The young man introduced himself as Gwong Zai, born in Hong Kong and raised in Britain. His parents left the city not long after he was born and never came back.
Siu Sze led him through the Central Market so they could take the escalator to the affluent Mid-Levels neighborhood. She stopped periodically to give Gwong Zai a proper tour of what they saw.
“This is now known as the ‘People’s Middle Road,’” she said, pointing to the street below. It was renamed 25 years ago, and the younger generations have no idea what its original name is.”
As they reached their next stop at the Rednaxela Terrace, Gwong Zai’s eyes sparkled with excitement. “I have heard these stories for so many years now but my parents never allowed me to come to Hong Kong,” he shared. “They suffered from serious health issues after inhaling way too much Chinese-made tear gas in Hong Kong when they were young. They passed away a year ago. I found this notebook among their belongings.” Held it up to show Siu Sze.
“Growing up, they would read me stories from this notebook, reminding me that Hong Kong was a beautiful and special place to our family. I still don’t understand why they left,” he said as his voice trailed off.
Siu Sze knew that in just a few months the government would rename the terrace, too, erasing any hint of British influence. She didn’t have the heart to tell Gwong Zai, who had spent the day reciting tales of Hong Kong’s now-disputed history. The guards standing at the entrance of the nearby mosque watched them closely.
In 2025, the government began to crack down on religious freedom and take control of all places of worship. Practitioners were forced to join the “patriotic” church instead, and those who refused watched their holy sites get demolished in retribution. Fortunately, the mosque was considered a historical site and therefore remained untouched. The irony is that many locals don’t even know that there is a mosque in the area, as it’s no longer a place where devout Muslims gather.

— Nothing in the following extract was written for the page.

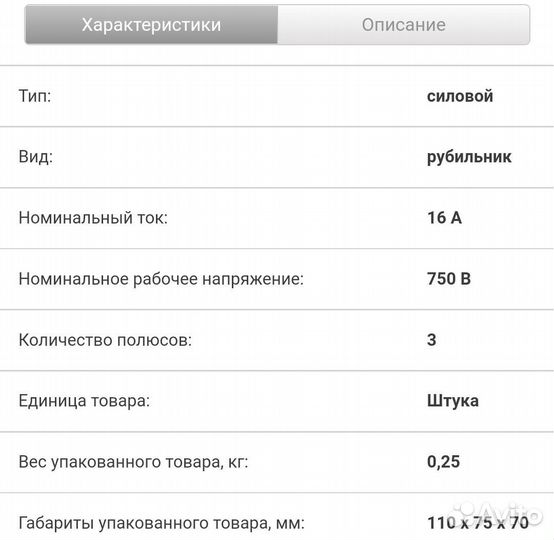 Реверсивный рубильник abb ot16f3c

Now, the mosque welcomes “patriotic” Muslims who study and recite lines from the government’s revised version of the Quran; those who obey the new laws that force Muslims to learn Mandarin only — not Arabic. Their culture is fading away and you can see it gradually being wiped out, just like what happened to Hong Kong 30 years ago.
Siu Sze couldn’t help but notice that Gwong Zai was more familiar with Hong Kong’s stories than most of its locals. “You are more qualified than any of us to call yourself a Hongkonger,” she said.
“This is our home, and there is a unique story behind every street, every building and every corner. If there were more people like your parents remembering and passing on these stories, Hong Kong might not have become what it is now,” her voice tapered off, not wanting others to overhear.
Before parting ways, Siu Sze gave Gwong Zai her book and pointed to her favorite quote within: “The struggle of man against power is the struggle of memory against forgetting.”